I am beginning to work on a plan to have our single-bladed Viprion

 

2400 pair (11.2.1HF3) act as the default gateway for new servers but

 

have some concerns about maintenance failovers interfering with

 

traffic.

 

 

To perform maintenance, to upgrade software, or to periodically prove

 

empirically that the Standby will work properly in an Active role, a

 

force-standby is done on the Active unit. With vMAC in place for the

 

traffic group, and with connection mirroring for all non-HTTP(S)

 

virtuals, the failover goes unnoticed.

 

 

How would we use the F5 as default gateway for nodes and have routine

 

failovers go unnoticed? Our HA network carries only HA traffic and is

 

local to the pair, connected via a short 10G fiber host-to-host run.

 

Would mirrored forwarding virtual servers really cause a performance

 

problem for 2400's?

 

 

Thanks in advance!

 

9 Replies

  • The answer of course is 'it depends'. Do you have an idea of how many connections would be mirrored?
  • There will be about 40,000 additional concurrent connections and initially under 2 gigabits per second sustained traffic -- the traffic from a strained Firewall-1.
  • I don't think that's a particularly high load or that it will be a problem.
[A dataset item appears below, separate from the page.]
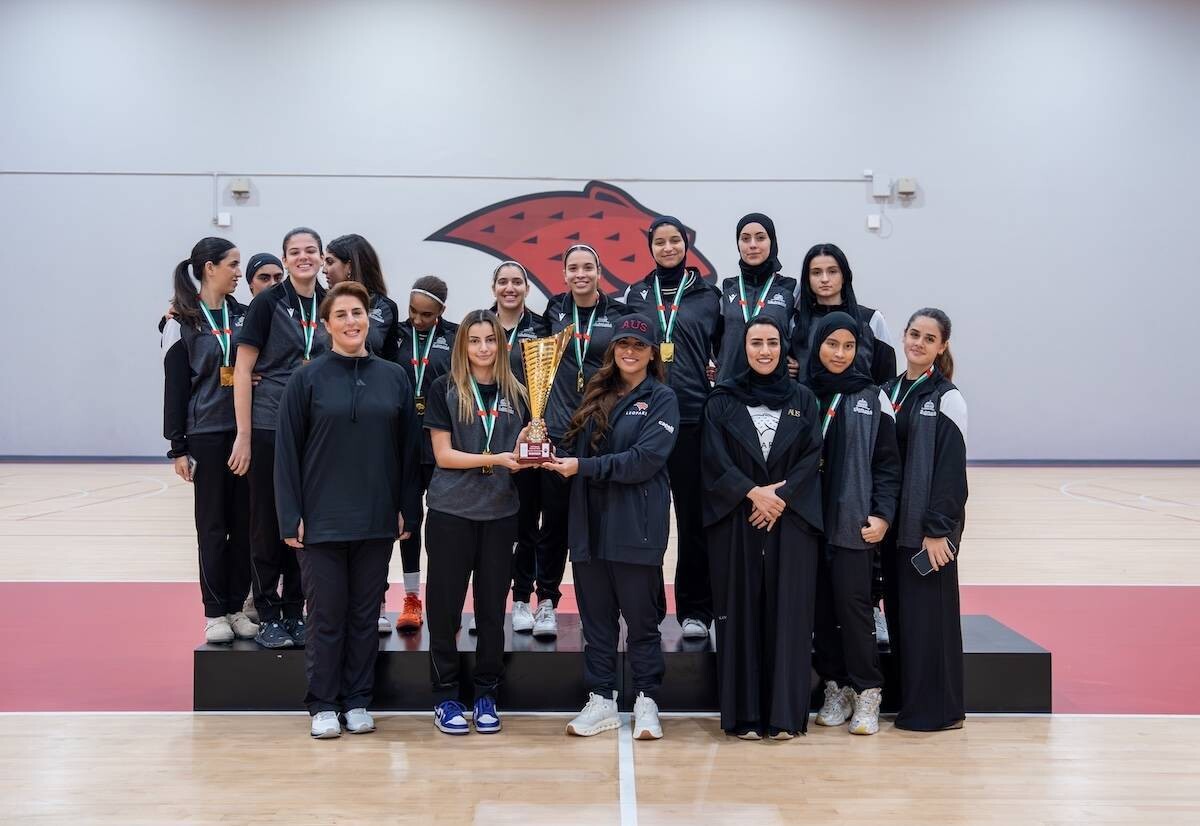 Sheikha Bodour bint Sultan Honors Winners of AUS Sports Festival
However, I would certainly recommend you think carefully about the protocol profiles you use with your wildcard Virtual Servers and things like Idle Timeouts etc. to ensure memory and CPU resources are not used unnecessarily. I'd also think carefully about using any iRules or Packet Filters.

     

     

    Ideally you would make this change in a staged fashion rather than all at once.
  • Thank you, Steve. The plan is to have VLANs migrated one at a time after initial testing, giving us the opportunity to gauge impact incrementally.
  • Steve - I understand packet filtering is applied very early in the life of traffic passing through the F5 and that excessive use, especially if 'filter established connections' is selected, can cause performance woes. After we upgrade to 11.3.1 we'd like to use bandwidth controllers to prevent runaway nodes in our 'default gateway to F5' networks from causing a disturbance in the force. Do these controllers affect only the virtual servers to which they are applied or is there a lower level component to consider (ala packet filters) where we might be shooting ourselves in the foot simply by enabling them?
  • Bandwidth Controllers are a pretty new feature and unfortunately I've no experience of them. That being said, the very fact they are so new would put me off using them for a good while, personally I'd take a cautious approach and use Rate Shaping until then. I'm not aware of any potential performance or stability issues with RS but perhaps others who've used it more than I might have a different opinion. Anyone?
  • Thank you for the advice concerning bandwidth controllers. We'll take the cautious approach and stick with rate shaping as needed.
  • You're welcome. I should for the sake of balance that F5 code and new features are generally far more reliable than that/those from other vendors I could think of, particularly one based in San Fran!